Krizin Türkiye’deki yoksulluğu nasıl etkilediğini anlayabilmek için, Dünya Bankası’nın Aralık 2009 tarihinde yayımladığı “Ülke Ortaklık Stratejisi İlerleme Raporu’na” iyi bir kaynak.


Dünya Bankası ile UNICEF’le beraber, İstanbul, Ankara, İzmir, Adana ve Kocaeli’ni içine alan “Refah İzleme Araştırması” yaptırmış. Araştırmanın sonuçlarına göre, Kriz öncesi yüzde 17-18 düzeyinde olan yoksulluk oranı yüzde 22’ler düzeyine ulaşmış. Değişim yüzde 30’lar seviyesinde.


Yoksulluğun dağılımına bakınca en büyük pay yüzde 46 ile kayıt altında olmayan tarım dışı sektörlerde. Diğer bir deyimle şehirlerin varoşlarında. Ardından işsizler, emekliler ve muhtaç yaşlılar geliyor. Kriz bu kesimlerin reel gelirlerini olumsuz etkilemiş.


Yoksullukta böylesine önemli bir artış ister istemez insanların tüketimlerini azaltmalarına veya en azından tüketim kalıplarını değiştirmelerine neden oluyor. Tüketiciler ucuz ve indirime giren ürün ve hizmetlere yöneliyor. Sonuç olarak, tüketim istendiği kadar artmıyor.


HANEHALKININ BORCU ARTMIŞ


Hanehalkınının tüketim davranışlarını etkileyen ikinci unsur daha önce aldıkları borçlar. Yapılan çalışmalar insanların aldıkları borçların, harcanabilir gelirlerinin dörtte birine ulaştığını gösteriyor. Yani, hanehalkı harcamalarının yüzde 25’ini borçlanarak yapmış. Bu oran 2002 yılında yüzde 4 civarında idi. Sekiz yılda 6 kat artış.

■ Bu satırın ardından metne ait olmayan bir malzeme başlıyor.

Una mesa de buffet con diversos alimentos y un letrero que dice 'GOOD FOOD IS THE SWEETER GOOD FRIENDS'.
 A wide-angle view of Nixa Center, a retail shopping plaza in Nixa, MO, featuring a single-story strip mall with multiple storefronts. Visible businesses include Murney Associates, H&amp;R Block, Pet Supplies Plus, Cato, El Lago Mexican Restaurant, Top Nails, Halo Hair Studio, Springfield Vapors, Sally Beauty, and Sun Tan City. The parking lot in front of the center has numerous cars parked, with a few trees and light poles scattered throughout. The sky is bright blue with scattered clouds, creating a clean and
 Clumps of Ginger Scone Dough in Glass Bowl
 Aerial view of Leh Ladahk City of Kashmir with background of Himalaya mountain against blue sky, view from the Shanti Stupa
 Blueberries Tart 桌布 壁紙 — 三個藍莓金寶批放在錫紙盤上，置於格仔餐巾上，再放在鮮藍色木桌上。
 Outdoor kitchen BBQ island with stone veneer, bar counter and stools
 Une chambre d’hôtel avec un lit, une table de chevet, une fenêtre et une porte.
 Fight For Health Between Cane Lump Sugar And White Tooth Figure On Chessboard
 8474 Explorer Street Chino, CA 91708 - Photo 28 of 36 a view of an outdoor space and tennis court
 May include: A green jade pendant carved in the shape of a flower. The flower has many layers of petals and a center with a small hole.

Bazı uzmanlar bizdeki hanehalkı borçlanma oranının düşük olduğunu, ABD ve Avrupa’da insanların harcanabilir gelirlerinin yüzde 100’ünden fazla borçlu olduklarını söylüyorlar. Bu bağlamda bizim hanehalkının daha da borçlanabileceğini, yeni kredi alabileceklerini iddia ediyorlar.


Bu bakış açısında iki sorun var. İlki vade farkı. Gelişmiş ülkelerde insanların borcu aldıkları ev ve arabalar için vadesi 5 – 10 hatta 20 yıldan uzun. Bizim tüketici kredilerinin vadesi yaklaşık 24 ay civarında.

 

İkinci fark, ödenen taksitlerin ailelerin gelirlerine oranı. Sanayileşmiş ülkelerdeki hanehalkının kredi taksitlerinin gelirlere oranı çok fazla değil. Bizde durum farklı. Vadeler kısa olduğu için taksitler, aile bütçelerine önemli bir baskı yaratıyor. Bu nedenle aileler çok zorunlu olmadıkça yeni borç almaya yanaşmıyorlar.


Özetle, ne kadar faiz düşürürseniz düşürün insanlar gelir düzeylerinde bir artış beklemiyorlarsa tüketmek için yeni borç almayı düşünmüyorlar. Tüketimlerini yükseltmiyorlar. Böylesi bir ekonomik ortamda şirketler de yeni kredi talebinde bulunmuyorlar.


Böyle olunca da merkez bankalarının faiz indirimleri, hazinelerin daha ucuz borçlanmasından başka bir işe yaramıyor. Bankalar, merkez bankalarından ucuza aldıkları kaynaklarla hazinelerden aldıkları kağıtlardan yüksek getiri elde ederek bilançolarını düzeltmeye çalışıyorlar.